Friday, December 18, 2009

Finally Friday!

So things have been pretty hectic at school lately, and I actually can't make this too long of a post since I have a major hardcore statistics final tomorrow, but I'm trying to be more routine and regular in the postings. Here it goes!


I skipped out on Crossfit yesterday to "celebrate" being halfway done with final, end-of-semester hoopla. Two papers due, one on Tuesday and the other on Thursday, plus meetings all day Thursday. I needed a break! And I got one in the Holidazzle Parade and then drinking milkshakes and eating greasy burgers and onion rings with the gal pals :)

I also paid for it in the morning by feeling all sick and icky after all that food. Blech. Glad I had time to go to Crossfit tonight. The WOD was 2 rounds for time:

25 R arm KB swing
25 L arm KB swing
25 situps
25 R arm high pull
25 L arm high pull
25 situps

With a 12 kg KB (slightly less than a pood and about 26 lbs), I finished in 12:31. I think the situps are what allowed me to finish really quickly. I'm trying out this new technique with longer rep schemes where I try to get more than halfway done the first go at it. So, for this WOD, I tried to get over 13 reps before taking a break. Then, with only 12 reps left, I try to get at least 7 before taking another break. I don't want to get too systematic about it because then I feel like I'm not pushing myself, but at least it's a goal to work towards and keep me from just trying for 4 reps before taking a breather.

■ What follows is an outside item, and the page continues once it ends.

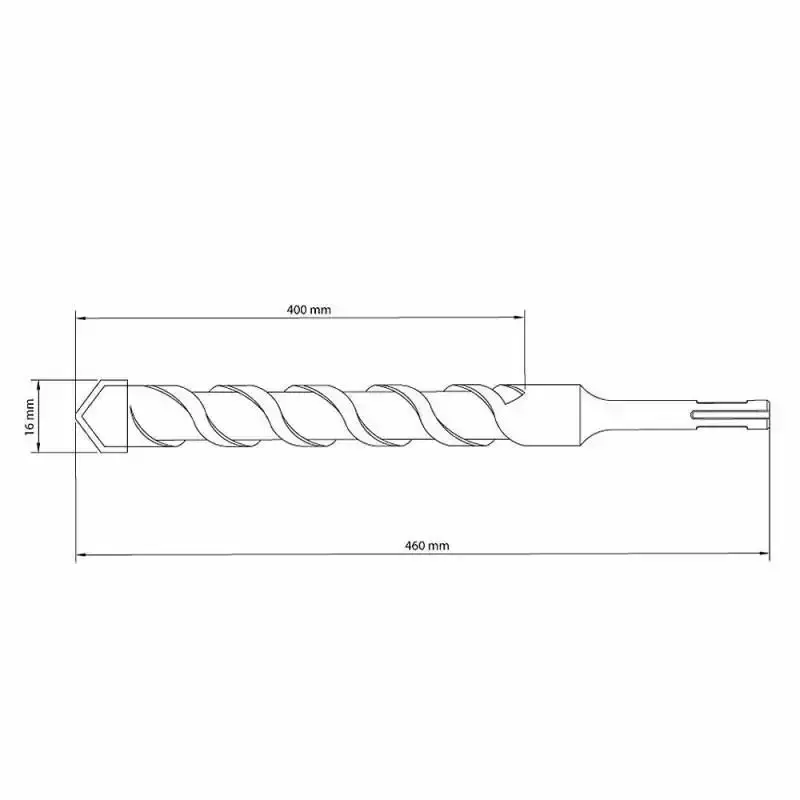 Broca SDS Plus 16 x 460 MM em Aço Especial 43148137 TRAMONTINA — fotografia 4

Another mental technique I'm trying out along with this one is to bust out as many reps as I can until I feel like I can't do another rep...then I do one more rep! It's kind of the same idea I used to have with stretching, back in my dance team days when I had to get good at the splits. For those of you interested in building flexibility, this is how I did it.

Let's say you're trying to build hamstring flexibility, so you lie on your back and pull one leg towards your face. A good way to stretch is to have a partner push your leg towards your face WHILE you resist their pressure. Do this for about 15 seconds or so, or like I said above, until you just feel like you can't resist any longer. Relax for 5-10 seconds while your partner still applies a little pressure on your stretch. Repeat 3-4 times.